# Data provided
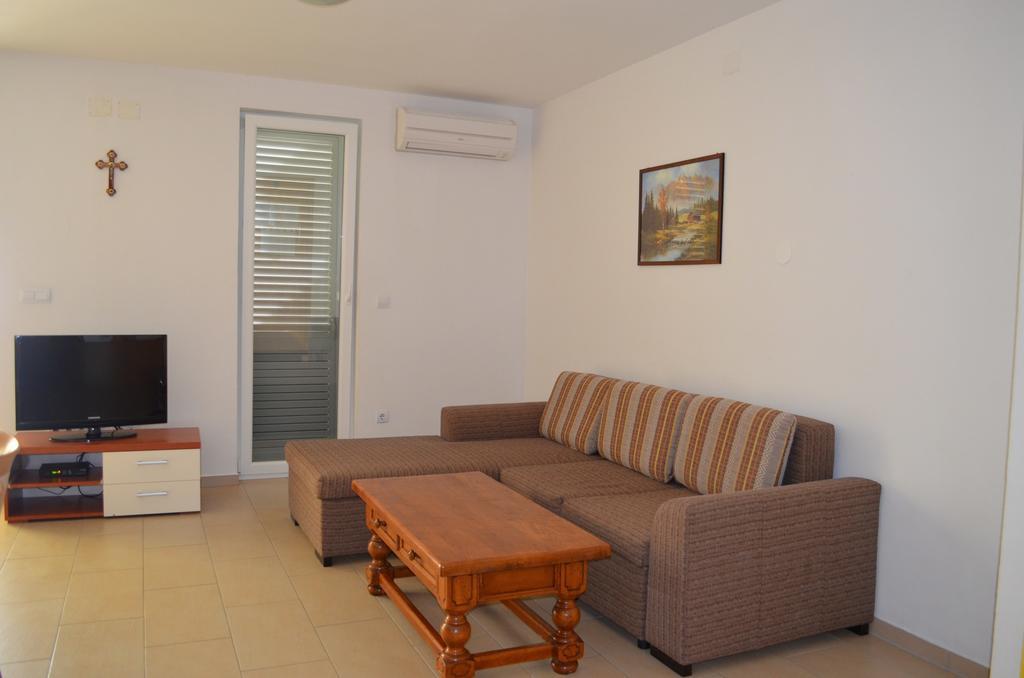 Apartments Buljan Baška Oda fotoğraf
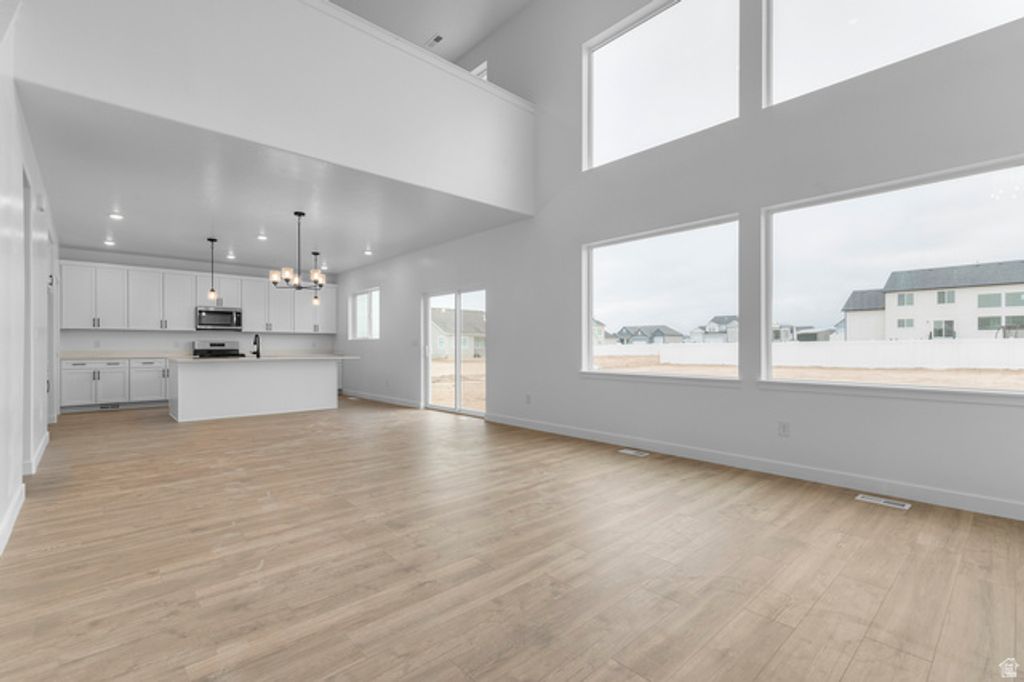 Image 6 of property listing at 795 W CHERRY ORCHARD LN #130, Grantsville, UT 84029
==
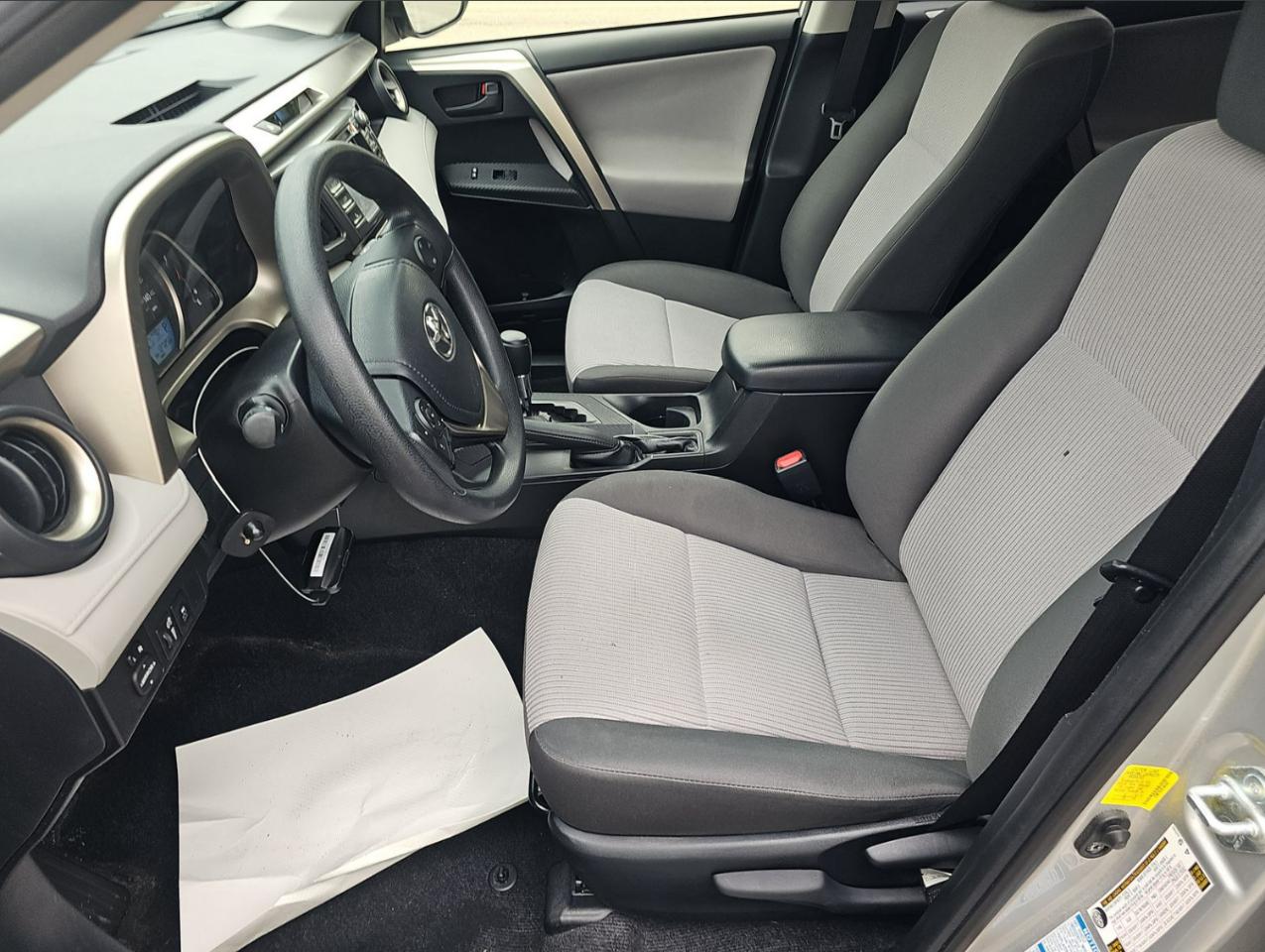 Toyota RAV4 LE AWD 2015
---
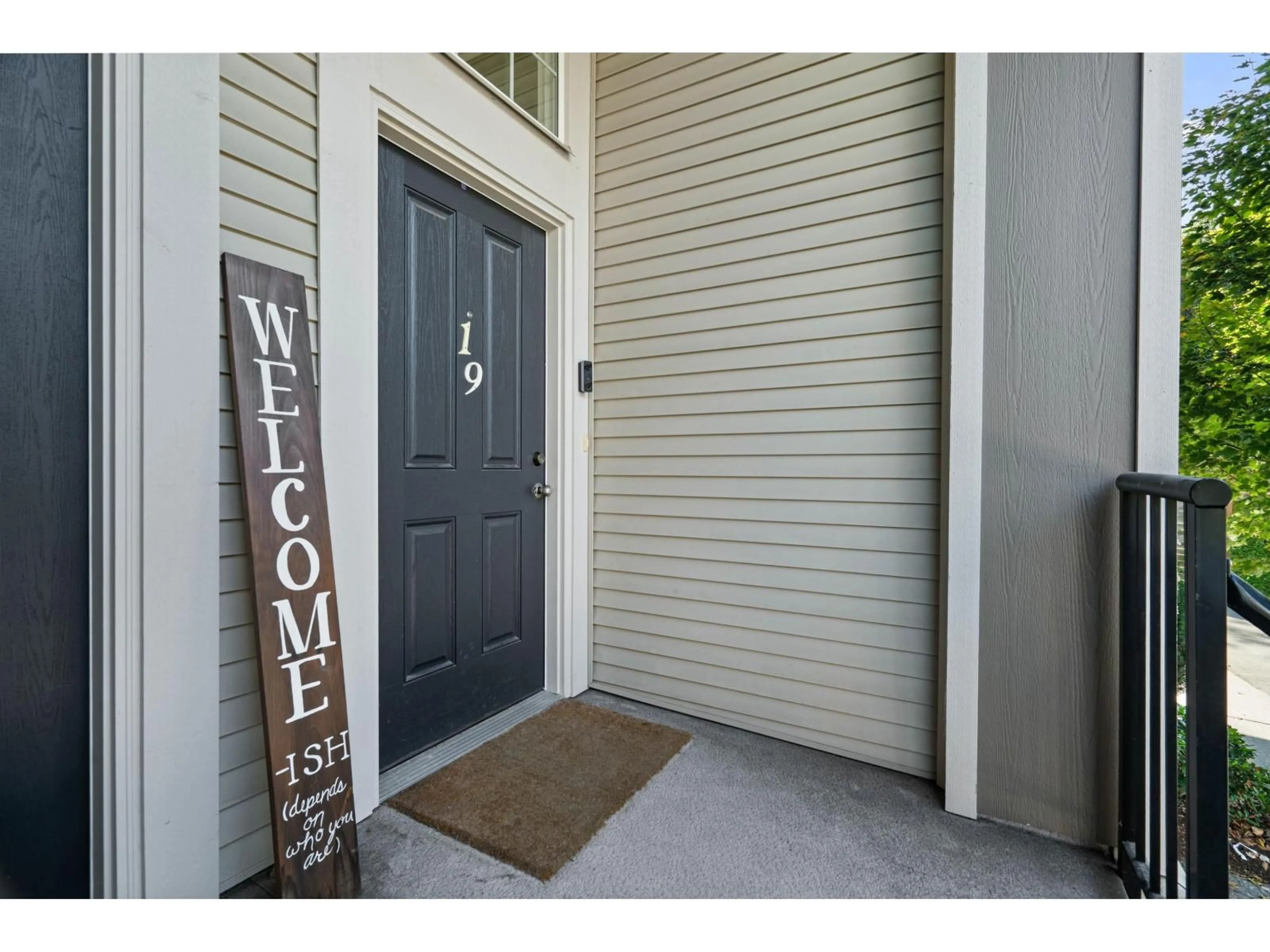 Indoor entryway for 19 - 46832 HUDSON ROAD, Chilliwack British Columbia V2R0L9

# Task
From the data above, return exactly the lines from the one with "Apartments Buljan Baška Oda fotoğraf" up to and including the one with "Image 6 of property". Pictures do not go in the copy.

# Response to the task
 Apartments Buljan Baška Oda fotoğraf
 Image 6 of property listing at 795 W CHERRY ORCHARD LN #130, Grantsville, UT 84029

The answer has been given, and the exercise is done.